EXERCISE DATA START

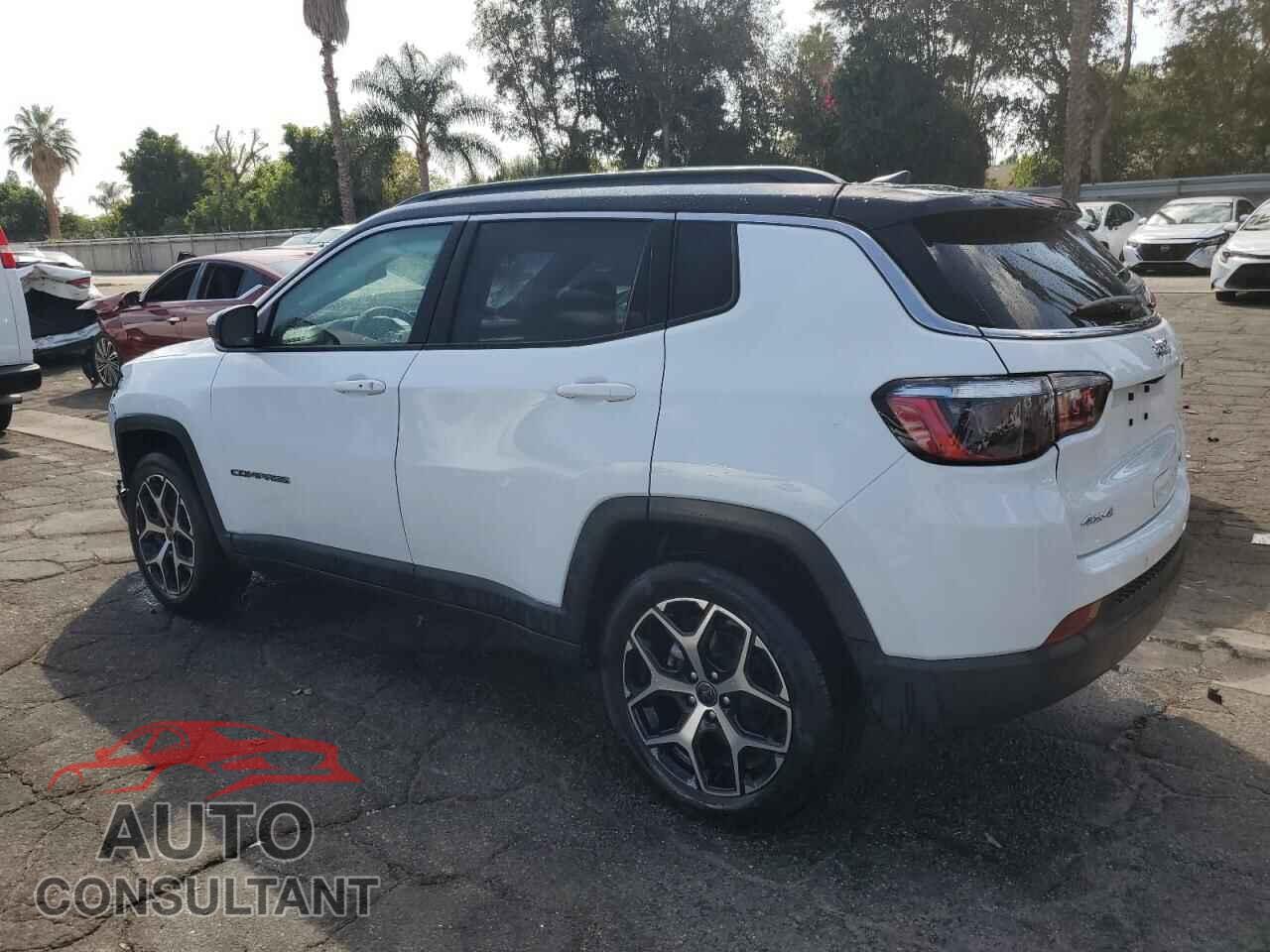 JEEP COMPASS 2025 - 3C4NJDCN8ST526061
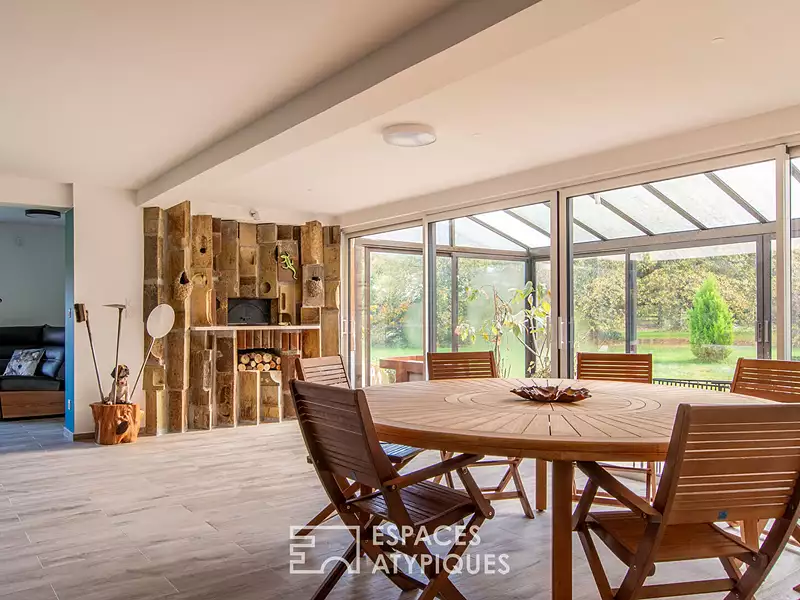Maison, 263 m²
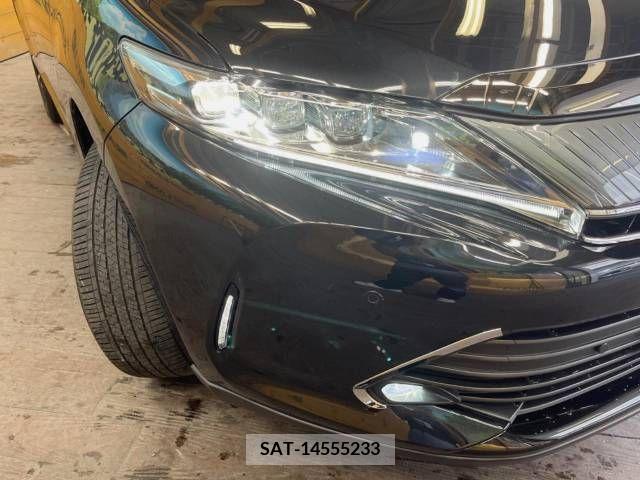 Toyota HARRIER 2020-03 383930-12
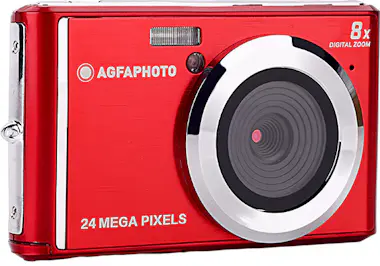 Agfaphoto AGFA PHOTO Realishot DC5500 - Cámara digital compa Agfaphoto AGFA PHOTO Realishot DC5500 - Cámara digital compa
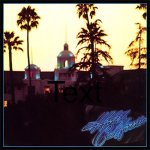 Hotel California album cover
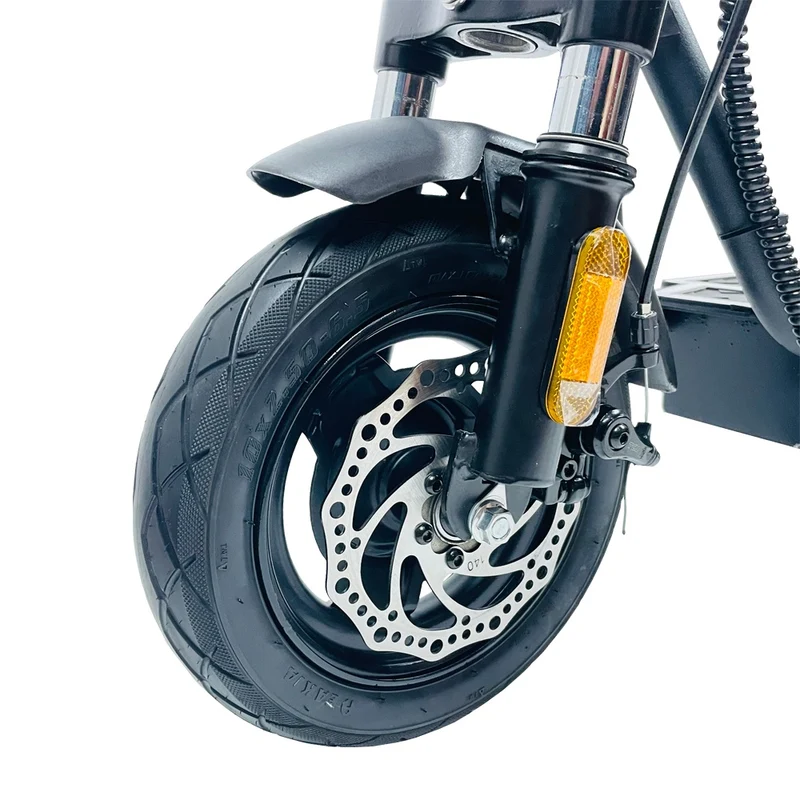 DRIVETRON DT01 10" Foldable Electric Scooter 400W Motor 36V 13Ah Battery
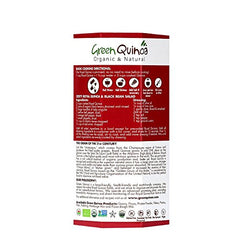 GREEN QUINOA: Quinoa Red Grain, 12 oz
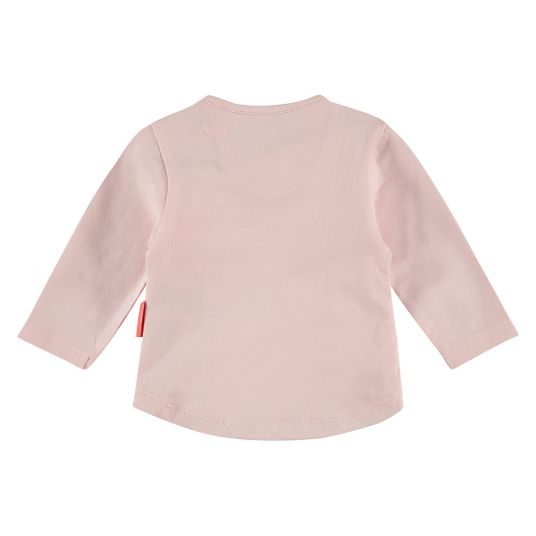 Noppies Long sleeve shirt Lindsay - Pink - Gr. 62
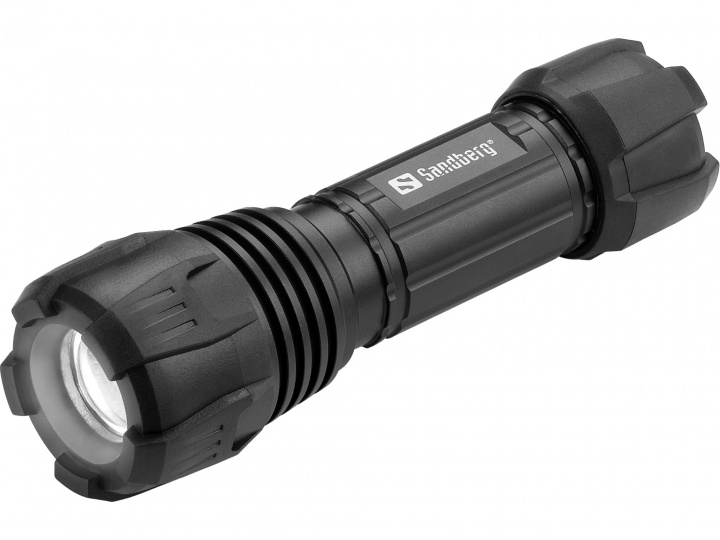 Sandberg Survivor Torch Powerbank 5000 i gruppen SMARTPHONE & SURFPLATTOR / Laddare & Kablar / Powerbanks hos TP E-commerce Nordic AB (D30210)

EXERCISE DATA END
EXERCISE DATA START

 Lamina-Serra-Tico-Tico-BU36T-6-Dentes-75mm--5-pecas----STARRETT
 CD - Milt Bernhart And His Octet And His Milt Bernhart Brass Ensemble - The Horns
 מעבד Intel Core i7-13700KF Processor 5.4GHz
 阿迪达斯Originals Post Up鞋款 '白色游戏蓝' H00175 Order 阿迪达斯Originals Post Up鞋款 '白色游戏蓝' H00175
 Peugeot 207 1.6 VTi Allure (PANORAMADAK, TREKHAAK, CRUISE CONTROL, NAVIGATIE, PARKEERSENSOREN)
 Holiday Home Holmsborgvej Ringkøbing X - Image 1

EXERCISE DATA END
EXERCISE DATA START

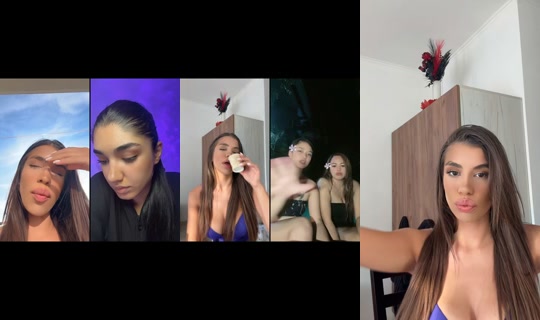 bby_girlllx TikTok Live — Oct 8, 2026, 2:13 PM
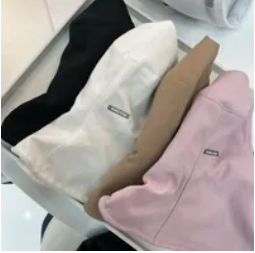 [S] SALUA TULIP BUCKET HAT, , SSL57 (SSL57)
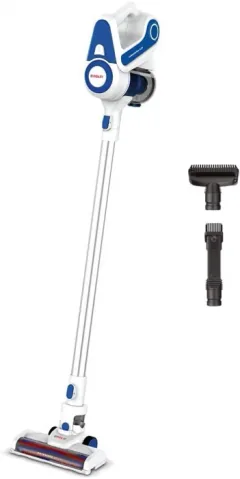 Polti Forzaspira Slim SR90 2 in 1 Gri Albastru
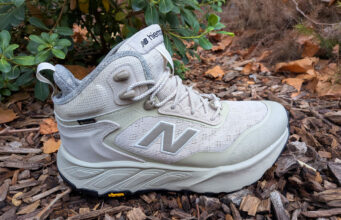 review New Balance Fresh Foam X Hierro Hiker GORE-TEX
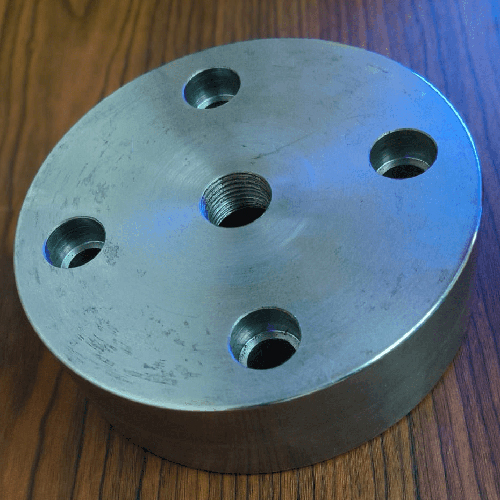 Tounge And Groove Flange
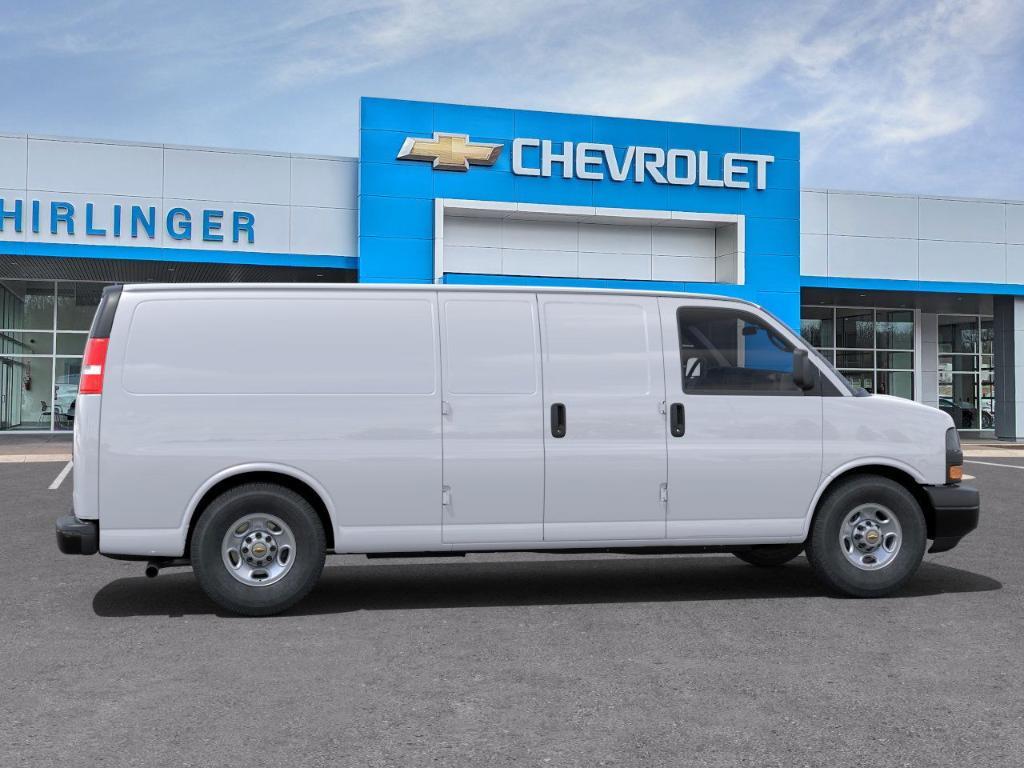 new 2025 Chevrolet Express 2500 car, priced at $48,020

EXERCISE DATA END

Only the lines above starting with the line with "Polti Forzaspira Slim" and going on through the line with "new 2025 Chevrolet" belong in the answer; repeat them exactly, minus any picture.

 Polti Forzaspira Slim SR90 2 in 1 Gri Albastru
 review New Balance Fresh Foam X Hierro Hiker GORE-TEX
 Tounge And Groove Flange
 new 2025 Chevrolet Express 2500 car, priced at $48,020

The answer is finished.